Bush's ability to rally international support against Iran has been diminished by a US Intelligence report that Tehran abandoned its nuclear weapons program in 2003.
Turning his attention to the Israeli-Palestinian peace process, Bush said, "We are also standing against the forces of extremism in the Holy Land, where we have new cause for hope. Palestinians have elected a president (Mahmoud Abbas) who recognizes that confronting terror is essential to achieving a state where his people can live in dignity and at peace with Israel.

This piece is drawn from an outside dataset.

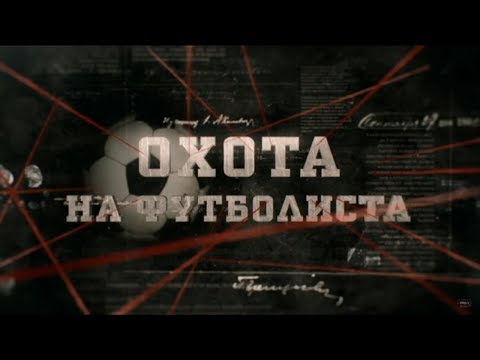 Видео: Охота на футболиста | Вещдок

Israelis have leaders who recognize that a peaceful, democratic Palestinian state will be a source of lasting security.
"This month in Ramallah and Jerusalem, I assured leaders from both sides that America will do, and I will do, everything we can to help them achieve a peace agreement that defines a Palestinian state by the end of this year," he said. "The time has come for a Holy Land where a democratic Israel and a democratic Palestine live side-by-side in peace."
'What he offered was more of the same'
On Iraq, Bush was in a better position than a year ago, when he implored skeptical Americans to embrace his plan to send thousands more troops to Iraq.
"Our enemies in Iraq have been hit hard," he said. "They have not been defeated, and we can still expect tough fighting ahead."
He announced no new troop reductions despite continuing calls from Democrats for a withdrawal timetable, something polls show most Americans want as well.
Bush's seventh State of the Union speech was a chance to set the tone for his waning months in the White House and try to salvage his frayed legacy before he leaves in January 2009.
Sandwiched between Saturday's Democratic presidential primary in South Carolina and Tuesday's Republican contest in Florida, Bush will struggle to make himself heard above the growing din of the 2008 election campaign.
Democratic White House hopefuls Sens. Hillary Clinton and Barack Obama attended the speech but Republican Sen. John McCain was campaigning in Florida where voters will choose their preference for the Republican nominee on Tuesday.
"What he offered was more of the same—a frustrating commitment to the same failed policies that helped turn record surpluses into large deficits, and push a thriving twenty-first century economy to the brink of recession," Clinton said.